We both are part of Make to Innovate, a class through the aerospace department at Iowa State, and we both work extensively in the M2I lab. In this lab, there is an area that is taped off on the ground and safety glasses are required on those working in that area. We thought it would be a great idea to automate that detection.
What it does
First, our script use Tensorflow to recognize faces in frames of a webcam feed. Then, using stereo vision and OpenCV, it finds the distance to that face to check if it is in a designated range. Finally, it uses its trained Tensorflow model to figure out if the person is wearing the required eye protection.
How we built it
We imported pretrained Tensorflow face recognition models, trained Tensorflow models to distinguish whether one was wearing safety glasses, calibrated and configured stereo vision camera to extract depth data, and integrated all components into one script to detect if, given a person's face could be seen and is in "the safe zone", identify whether or not that person had applied the necessary eye protection.
Challenges we ran into
The biggest challenge we encountered was in the reduction of computation that was performed for each frame of video. Tensorflow instantiates multiple sessions on each running of the code which results in a high time for safety glass recognition, about 1.5-3 seconds. This is about 10x the rest of the code combined. This results in low frames per second, about 3 fps.

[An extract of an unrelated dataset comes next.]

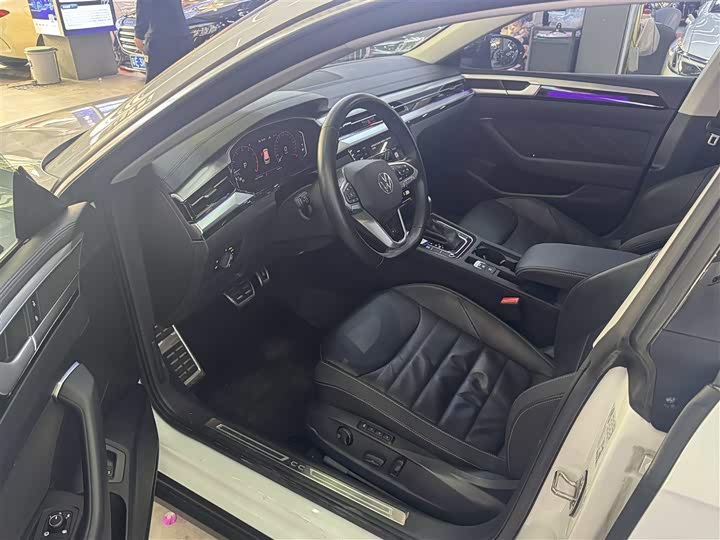 Фото 6 - Volkswagen CC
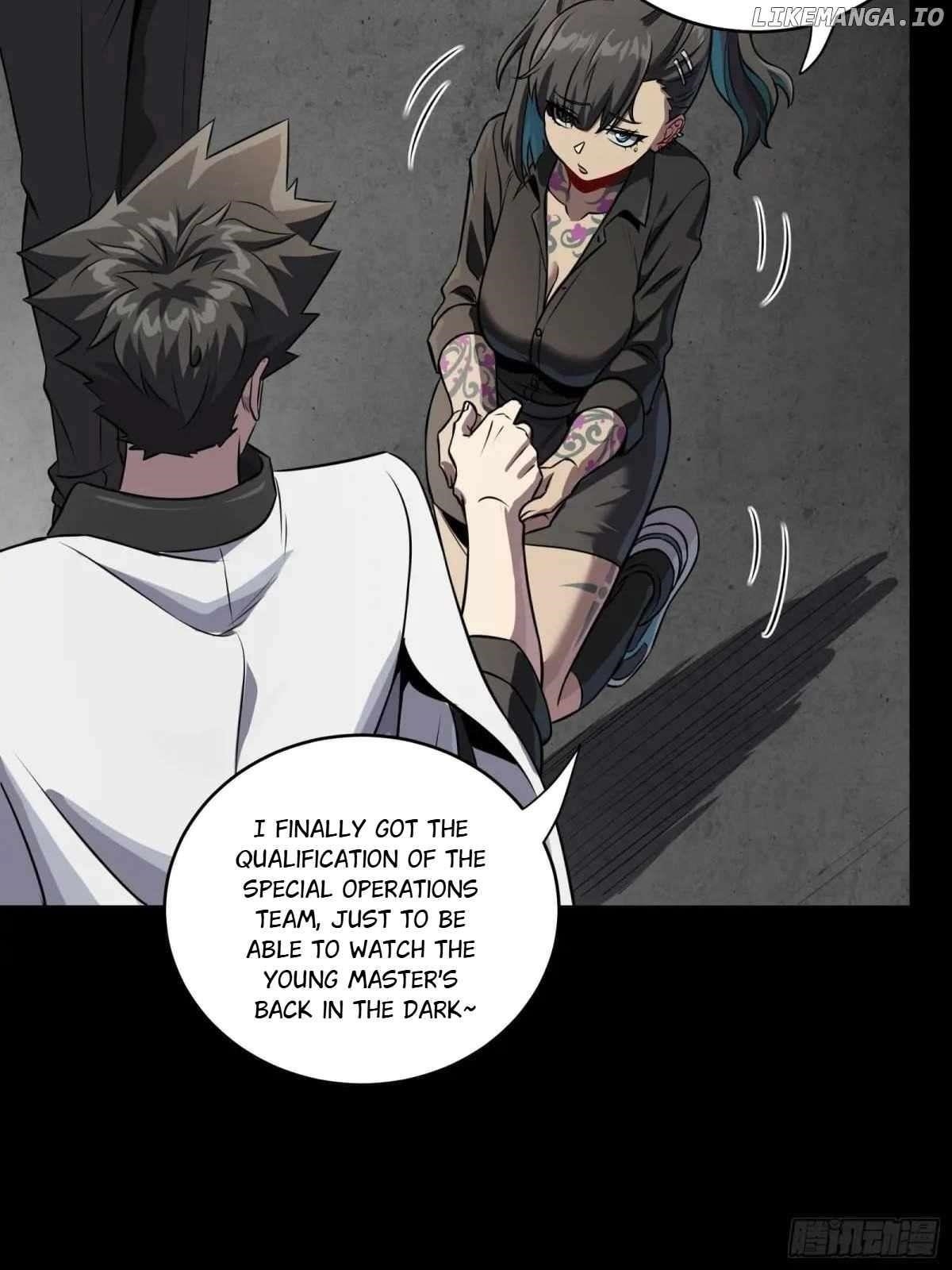 Legend Of Star General Chapter 255 - Page 27 in English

Accomplishments that we're proud of
Learning to use Tensorflow to recognize objects. Learning how to make a stereo vision setup to determine distance. We got everything to work even though it has a slow fps.
What we learned
How to work with Tensorflow API including retraining models, using the model to classify objects, and facial recognition. How to build a stereo vision system to determine distance. All of this was accomplished with 2 Logitech C270 webcams bought at $20 each.
What's next for Safety First
optimization, we would like to figure out why tensorflow instantiates multiple instances for every object recognition, this will reduce the time to recognize objects on every loop resulting in a higher fps. We would also like to modularize the code by splitting the calibration and depth mapping into their own functions. We would also like to create documentation and posting our tutorial online.